In CI, I'd probably treat it as a separate set of tests, either in a different folder or markers, which wouldn't even run if the fast tests fail, and likely just as part of a the fastest job (e.g. only on linux/3.12
), and also enable a --cov-fail-under
threshold.
But the above is irrelevant until the existing tests all run cleanly, ideally without doing anything to disk, sys.path
tricks, etc.
yea i love this idea. i think i can manage it in this PR. we'll have to build two different standalone parsers to ship for a few months then sunset the more permissive one.
ultimately, i think this should work out cause both the notebook and cell levels define additionalProperties: False
. as long as all the properties are captured in the grammar we should be good. there is a case where folks synthetically generate notebook like structure or introduce future keys like $schema
or @graph
@context
. in these cases, we'd need a permissive flag turned on if an only if this synthetic data is stored on disk. in theory, the stricter grammar could host both a strict and permissive version. in the permissive version we all for additionalProperties by supporting generic keys.
two different standalone parsers to ship
Yeah, this doesn't seem like a huge hit to avoid breaking things, and getting new features.
months then sunset the more permissive one.
Right, as long as there is clear messaging from the as-installed software that this is going to happen, and a timeline/trigger (e.g. first release that supports 3.13
) for when. The ad-hoc CalVer scheme can make it hard to plan for these things in any way other than after this day... but... can't go back now without a package rename or creating huge problems downstream.
generate notebook like structure or
Sure, as long as not losing features for the 99% use case of nbformat
-compliant structures. And further: formalizing and shipping the .g
files, it would be possible to make extensible grammars in interesting ways.
So if some use case requires going wild, it could subclass the machinery (even interactively), by overloading the right level of the grammar/decoder/parser/transformer/whatever (these need some .mmd
to explain them, perhaps) and passing that instead of an entry_point
name, without having to mess about with entry_points
or the standalone tooling generator.
If the anticipated needs are very predictable, having a more constrained API Notebook(additional_properties={"$schema": "object"})

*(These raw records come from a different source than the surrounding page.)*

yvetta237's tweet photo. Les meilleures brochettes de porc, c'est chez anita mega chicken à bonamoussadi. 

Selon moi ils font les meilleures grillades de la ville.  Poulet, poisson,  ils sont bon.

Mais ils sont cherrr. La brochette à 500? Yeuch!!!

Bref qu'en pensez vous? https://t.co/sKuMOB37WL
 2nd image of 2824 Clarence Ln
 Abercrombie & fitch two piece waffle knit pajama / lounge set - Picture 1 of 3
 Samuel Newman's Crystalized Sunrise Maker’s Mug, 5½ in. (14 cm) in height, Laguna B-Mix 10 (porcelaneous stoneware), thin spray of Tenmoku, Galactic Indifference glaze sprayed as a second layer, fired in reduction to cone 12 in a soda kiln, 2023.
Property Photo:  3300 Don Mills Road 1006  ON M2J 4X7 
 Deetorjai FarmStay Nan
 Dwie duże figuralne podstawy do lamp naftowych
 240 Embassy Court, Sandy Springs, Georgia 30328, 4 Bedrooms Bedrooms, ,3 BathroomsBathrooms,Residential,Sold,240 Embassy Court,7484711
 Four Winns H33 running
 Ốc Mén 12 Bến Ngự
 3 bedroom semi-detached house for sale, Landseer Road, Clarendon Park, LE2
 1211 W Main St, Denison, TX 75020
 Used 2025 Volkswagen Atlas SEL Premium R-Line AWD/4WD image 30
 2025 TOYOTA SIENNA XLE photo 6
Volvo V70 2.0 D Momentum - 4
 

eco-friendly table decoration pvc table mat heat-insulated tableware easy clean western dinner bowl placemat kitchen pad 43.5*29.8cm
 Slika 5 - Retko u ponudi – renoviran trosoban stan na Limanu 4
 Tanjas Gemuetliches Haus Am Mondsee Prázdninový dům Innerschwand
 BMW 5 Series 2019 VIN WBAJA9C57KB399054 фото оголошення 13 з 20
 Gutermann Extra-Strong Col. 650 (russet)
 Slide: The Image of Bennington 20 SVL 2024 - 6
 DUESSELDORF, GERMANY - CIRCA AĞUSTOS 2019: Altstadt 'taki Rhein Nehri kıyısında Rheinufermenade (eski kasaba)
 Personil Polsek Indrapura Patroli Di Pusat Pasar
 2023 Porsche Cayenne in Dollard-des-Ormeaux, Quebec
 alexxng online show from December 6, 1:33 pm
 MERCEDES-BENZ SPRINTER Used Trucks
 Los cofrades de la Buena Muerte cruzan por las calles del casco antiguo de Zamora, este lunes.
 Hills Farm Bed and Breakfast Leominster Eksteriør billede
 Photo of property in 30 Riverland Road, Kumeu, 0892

, etc. could make this feasible, provided importnb[lark]
is installed, providing for a few simple cases.
A more formalized system could package and register it by normal means, which should be kept if added.
introduce future key
Changes like that happen slowly, but not worth losing features. We could add an nbformat
canary build excursion that installs from upstream's main
.
this pull request modifies the json parser to use explicit properties from the notebook format to constrain the parser.
the top-level notebook keys and cell keys are known ahead of time because of the schema that notebooks conform to. these changes hard code the notebook and cell properties into the parser.
this change will NOT work for arbitrary data formats, only those conforming to subsets of the specified schema. otherwise the parser throws errors.
this change streamlines the transformation logic.